Explainable Neural Networks: Recent Advancements, Part 4

Looking back a decade (2010–2020), a four part series

Published in

Towards Data Science

7 min readFeb 7, 2021

Where are we?

This blog focusses on developments on explainability of neural networks. We divide our presentation into a four part blog series:

Part 1 talks about the effectiveness of Visualizing Gradients of the image pixels for explaining the pre-softmax class score of CNNs.
Part 2 talks about some more advanced/modified gradient based methods like DeConvolution, Guided Back Propagation for explaining CNNs.
Part 3 talks about some short comings of gradient based approaches and discusses alternate axiomatic approaches like Layer-wise Relevance Propagation, Taylor Decomposition, Deep LiFT.
Part 4 talks about some recent developments like Integrated Gradients (continuing from part 3) and recent novelties in CNN architecture like Class Activation Maps developed to make the the feature maps more interpretable.

Axiomatic Approaches

Continuing from the last section, we tie together axiomatic approaches and gradient based approaches. We discuss a gradient based approach which follows all the desired axioms.

Integrated Gradients (2017)

In the last section, we saw how Taylor Decomposition, assigns a product of gradient and difference of pixel values (and pixels of the baseline image) as the relevance of individual pixels. DeepLiFT assigns a similar product of the coarse gradient and the difference of pixel values between input and baseline image. From the RevealCancel rule, we can observe that the relevance of the individual pixel is a discrete path integral of the (coarse) gradient along positive part of Δx followed by negative part of Δx.
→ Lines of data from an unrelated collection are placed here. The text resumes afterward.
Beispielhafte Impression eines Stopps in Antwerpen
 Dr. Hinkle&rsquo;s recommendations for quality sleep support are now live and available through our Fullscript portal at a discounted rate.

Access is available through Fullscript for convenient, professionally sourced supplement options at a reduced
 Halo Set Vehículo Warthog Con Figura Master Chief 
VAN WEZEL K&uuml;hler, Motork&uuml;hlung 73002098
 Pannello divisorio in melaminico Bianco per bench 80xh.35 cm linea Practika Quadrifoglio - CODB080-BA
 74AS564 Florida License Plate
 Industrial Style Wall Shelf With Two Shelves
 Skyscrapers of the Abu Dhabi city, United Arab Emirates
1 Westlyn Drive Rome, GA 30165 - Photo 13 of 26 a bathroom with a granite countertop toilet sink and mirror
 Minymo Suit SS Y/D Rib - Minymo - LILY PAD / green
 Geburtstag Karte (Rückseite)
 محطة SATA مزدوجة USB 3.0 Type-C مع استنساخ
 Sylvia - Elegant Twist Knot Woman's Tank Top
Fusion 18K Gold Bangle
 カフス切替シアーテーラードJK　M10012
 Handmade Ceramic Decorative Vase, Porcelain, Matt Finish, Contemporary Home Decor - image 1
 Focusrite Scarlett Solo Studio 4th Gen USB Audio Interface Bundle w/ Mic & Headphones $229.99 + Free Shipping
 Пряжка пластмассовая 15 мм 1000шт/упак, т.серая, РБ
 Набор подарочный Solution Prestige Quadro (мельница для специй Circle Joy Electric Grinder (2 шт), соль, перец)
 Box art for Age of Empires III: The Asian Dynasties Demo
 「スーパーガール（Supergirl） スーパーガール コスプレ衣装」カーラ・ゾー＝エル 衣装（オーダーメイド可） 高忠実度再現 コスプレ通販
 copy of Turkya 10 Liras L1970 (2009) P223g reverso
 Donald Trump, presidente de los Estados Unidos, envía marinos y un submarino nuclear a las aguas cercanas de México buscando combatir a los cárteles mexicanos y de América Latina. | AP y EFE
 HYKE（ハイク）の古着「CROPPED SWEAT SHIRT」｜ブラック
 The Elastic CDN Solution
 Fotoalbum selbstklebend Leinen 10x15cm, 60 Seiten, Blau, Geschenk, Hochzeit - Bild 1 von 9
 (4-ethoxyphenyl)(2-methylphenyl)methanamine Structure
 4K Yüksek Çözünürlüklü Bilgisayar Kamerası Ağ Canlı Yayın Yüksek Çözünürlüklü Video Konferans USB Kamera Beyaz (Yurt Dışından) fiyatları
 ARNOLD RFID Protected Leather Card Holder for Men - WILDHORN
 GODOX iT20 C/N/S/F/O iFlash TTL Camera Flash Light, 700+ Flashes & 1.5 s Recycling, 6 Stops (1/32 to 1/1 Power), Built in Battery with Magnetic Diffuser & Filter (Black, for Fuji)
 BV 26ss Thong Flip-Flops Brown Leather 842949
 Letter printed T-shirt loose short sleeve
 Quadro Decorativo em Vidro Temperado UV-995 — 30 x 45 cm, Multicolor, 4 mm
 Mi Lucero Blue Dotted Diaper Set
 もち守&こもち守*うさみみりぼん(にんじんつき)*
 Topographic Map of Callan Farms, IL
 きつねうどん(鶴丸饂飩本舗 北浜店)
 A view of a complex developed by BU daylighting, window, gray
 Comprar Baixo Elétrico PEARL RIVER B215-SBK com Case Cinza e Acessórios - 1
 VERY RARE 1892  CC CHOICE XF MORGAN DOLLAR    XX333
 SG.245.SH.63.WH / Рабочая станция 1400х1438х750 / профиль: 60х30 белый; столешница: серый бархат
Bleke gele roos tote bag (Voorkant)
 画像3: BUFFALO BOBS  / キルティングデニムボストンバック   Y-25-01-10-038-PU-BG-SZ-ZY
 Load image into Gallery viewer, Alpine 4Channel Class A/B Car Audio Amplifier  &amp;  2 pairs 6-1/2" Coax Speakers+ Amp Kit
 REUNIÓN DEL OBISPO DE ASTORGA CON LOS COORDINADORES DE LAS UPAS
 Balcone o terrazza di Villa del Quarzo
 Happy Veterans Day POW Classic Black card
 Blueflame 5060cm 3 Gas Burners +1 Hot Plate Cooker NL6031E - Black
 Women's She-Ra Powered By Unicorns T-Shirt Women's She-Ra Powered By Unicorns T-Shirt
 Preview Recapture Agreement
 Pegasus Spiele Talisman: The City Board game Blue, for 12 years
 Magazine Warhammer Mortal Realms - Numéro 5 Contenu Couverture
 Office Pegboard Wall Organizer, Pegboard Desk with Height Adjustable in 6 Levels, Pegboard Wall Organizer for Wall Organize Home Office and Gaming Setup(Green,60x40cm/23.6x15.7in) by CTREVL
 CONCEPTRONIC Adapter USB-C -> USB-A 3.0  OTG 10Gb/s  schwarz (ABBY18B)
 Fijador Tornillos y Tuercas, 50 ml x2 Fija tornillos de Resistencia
This begs the question:

How effective are path integrals over gradients of score function at feature attribution of input image pixels.

This idea of using Integrated Gradients was studied by Mukund Sundararajan, Ankur Taly and Qiqi Yan in their work “Axiomatic Attribution for Deep Networks (ICML 2017)”. The authors critique the then popular attribution schemes along two desirable axioms that they would like all feature attribution schemes to satisfy:

Axiom 1. Sensitivity: Whenever the input and baseline differ in exactly one feature, the differing feature should be given non-zero attribution.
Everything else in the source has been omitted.